Restricting the sample with Matching

Another way to deal with imbalanced covariates is to only include comparisons between treated and control samples which are very similar. There are a variety of ways in which this can be accomplished. One of the most common is matching by propensity score. Here we will consider the case without replacement, where the data set is restricted to a sequence of pairs where each pair has exactly one treatment and one control, and each sample can appear at most once.

We do not want to match on the covariates, but rather on the propensity score. To do this we use the PropensityTransformer object as a propensity_transform within the MatchingTransformer.

In [11]:
from causallib.preprocessing.transformers import PropensityTransformer
propensity_transform = PropensityTransformer(learner=learner(), include_covariates=True)

The propensity model will be autmatically fit when the MatchingTransformer is fit.

In [12]:
mt = MatchingTransformer(with_replacement=False, propensity_transform=propensity_transform)
Xm, am, ym = mt.fit_transform(X, a, y)
print(f"Transforming data from {X.shape[0]} samples to {Xm.shape[0]} samples by matching without replacement.")
Transforming data from 347 samples to 136 samples by matching without replacement.
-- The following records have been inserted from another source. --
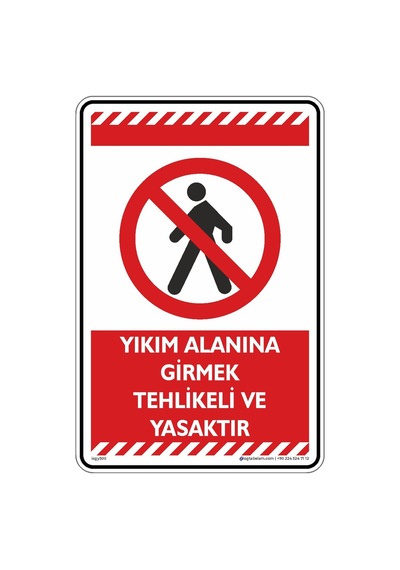 Yıkım Alanına Girmek Tehlikeli ve Yasaktır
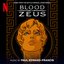 Blood of Zeus (Music From the Netflix Original Anime Series)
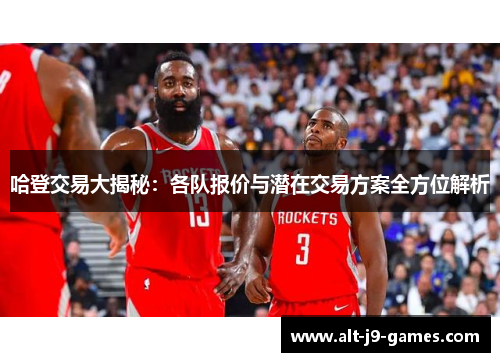 哈登交易大揭秘:各队报价与潜在交易方案全方位解析 哈登交易大揭秘:各队报价与潜在交易方案全方位解析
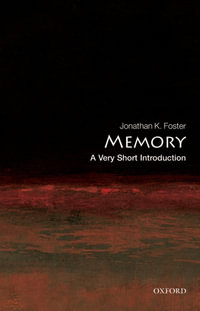 Memory : A Very Short Introduction - Jonathan K. Foster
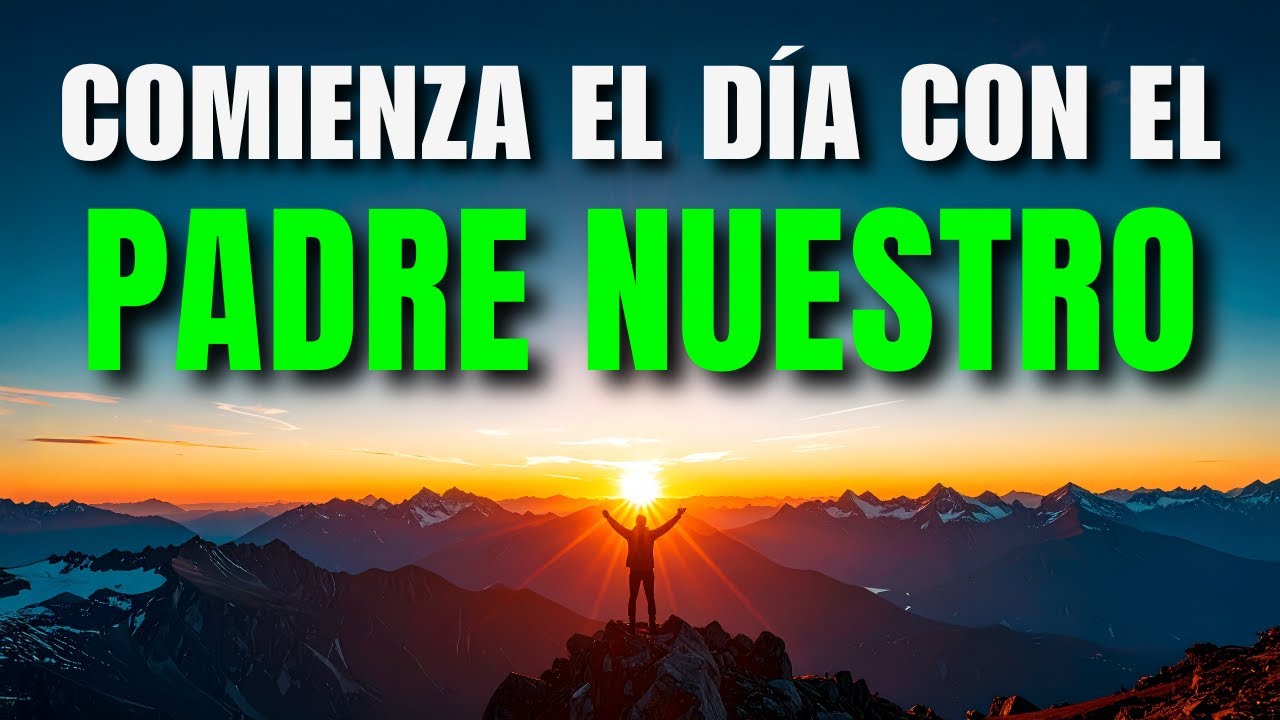 Oración Poderosa del la Mañana con el PADRE NUESTRO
We can now check the covariate balance of the resulting data directly and also with propensity weights:

In [13]:
ipw_m = IPW(learner=learner()), am)
wm = ipw_m.compute_weights(Xm, am)
calculate_covariate_balance(Xm, am, wm)
abs_smd weighted unweighted
EMPTOT 0.005456 0.039639
WAGE_ST 0.028619 0.030309
INCTIME 0.003309 0.047924
BK 0.001717 0.021077
KFC 0.001242 0.000000
ROYS 0.001137 0.000000
WENDYS 0.004414 0.026073

At this point we have substantially smaller covariate imbalance, but we are using only ~40% of the data. We can now check the estimates directly on the matched subset.

In [14]:
all_estimates_matched = get_all_estimates(Xm, am, ym)
all_estimates_matched.assign(ATE=all_estimates_matched[1] - all_estimates_matched[0])
0 1 ATE
MarginalOutcomeEstimator 17.544118 19.084559 1.540441
Matching 17.544118 19.084559 1.540441
PropensityMatching 17.645221 17.856618 0.211397
IPW 17.438962 19.157859 1.718897
Standardization 17.431120 19.197557 1.766437
StratifiedStandardization 17.431684 19.198245 1.766561
PropensityFeatureStandardization 17.500168 18.502095 1.001927
WeightedStandardization 17.429642 19.192642 1.763000
AIPW 17.429092 19.193340 1.764248
In [15]:
f, ax = plt.subplots(figsize=(8, 6))
plt.xticks([0, 1], ["PA", "NJ"]);

In this case Matching and MarginalOutcomeEstimator are in fact identical because the solution to the matching problem is the same on the matched data. Once again, we see that all of the methods find a slight positive effect.